Nel 1992, in Germania, il tribunale penale di Berlino emise un mandato d’arresto internazionale per Khamenei e per altri tre alti funzionari khomeinisti con l’accusa di coinvolgimento nell’omicidio di quattro esuli curdo-iraniani. Un fatto che pose fine a qualsiasi idea di viaggio all’estero per Khamenei. Nel corso del suo mandato da “guida suprema”, Khamenei ha incontrato soltanto un leader occidentale: il presidente austriaco Kurt Waldheim, e solo in virtù dei suoi trascorsi nazisti ai tempi della seconda guerra mondiale.
Khamenei ha vissuto in un bozzolo per oltre vent’anni. Non può andare all’estero e non può neanche andare in pellegrinaggio nei centri sciiti dell’Arabia Saudita e dell’Iraq. Fatta eccezione per qualche rara puntata nelle province, lascia raramente il proprio palazzo di Teheran. Il suo entourage, poi, fa di tutto per limitare le possibilità di avvicinarsi a lui. Bombardato com’è di lusinghe e adulazioni, è improbabile che sia rimasto immune dal culto della personalità costruito su di lui. Ogni anno i poeti compongono qualcosa come cinquecento odi in suo onore, i predicatori dedicano sermoni ai suoi miracoli immaginari. I suoi ritratti sono dovunque, la sua immagine è scolpita nelle montagne e la si può vedere persino dall’alto, disegnata dal contorno delle foreste. C’è gente che scrive suppliche per chiedere brandelli del suo turbante o un po’ della sua saliva per la cura di alcune malattie. L’agenzia di stampa di Stato riferisce che a Shiraz i fiori sono sbocciati con settimane d’anticipo in seguito a una visita della “guida suprema”.

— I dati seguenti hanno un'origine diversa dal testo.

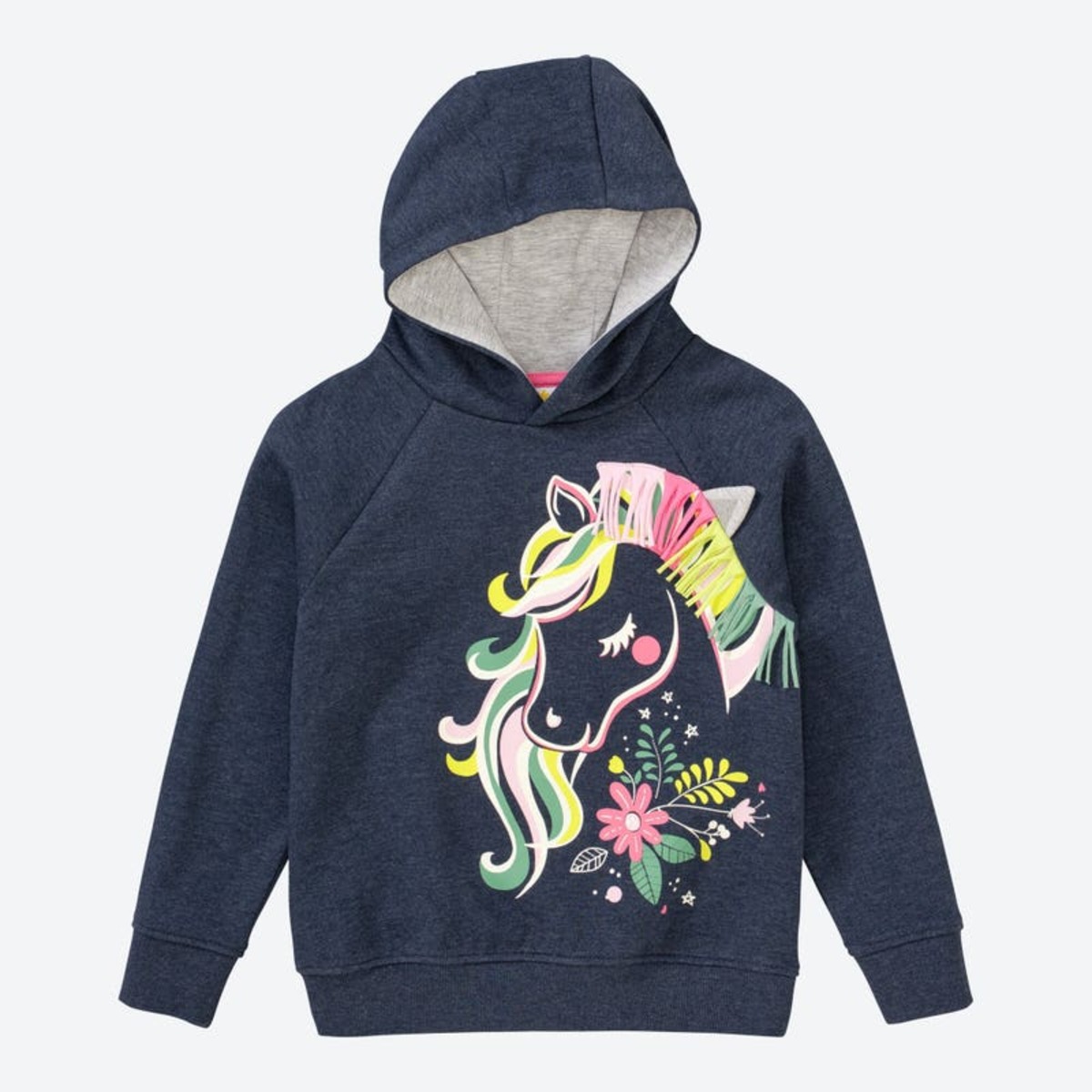 Bild 1 von Mädchen-Sweatshirt mit Einhorn-Frontaufdruck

Si è detto per anni che la salute di Khamenei andava peggiorando, ma non sembra gli siano state prescritte cure specifiche. Quel ch’è certo è che necessita di molte ore di riposo e di settimane di ritiro dalla vita pubblica. Da persona solitaria qual è, sembra godere molto della propria solitudine, legge poesie, suona il sitar, guarda la televisione satellitare e migliora il proprio inglese.
Sulle questioni più importanti la “guida suprema” gioca la propria mano tenendosi le carte ben strette al petto. Nessuno sa con certezza cosa egli esattamente pensi di qualunque argomento in grado di suscitare passione e/o preoccupazione in Iran. Qualche volta diffonde ordinanze scritte e i suoi commenti sui rapporti ufficiali sono deliberatamente vaghi. Di lui si dice che si alteri molto facilmente e che sia in grado di conservare l’ onta per anni. Chi lo conosce sa bene che Khamenei non dimentica e non perdona mai.
Stregare Khamenei per fargli siglare un qualche accordo con il “Grande Satana” potrebbe davvero rivelarsi una grande sfida per Obama.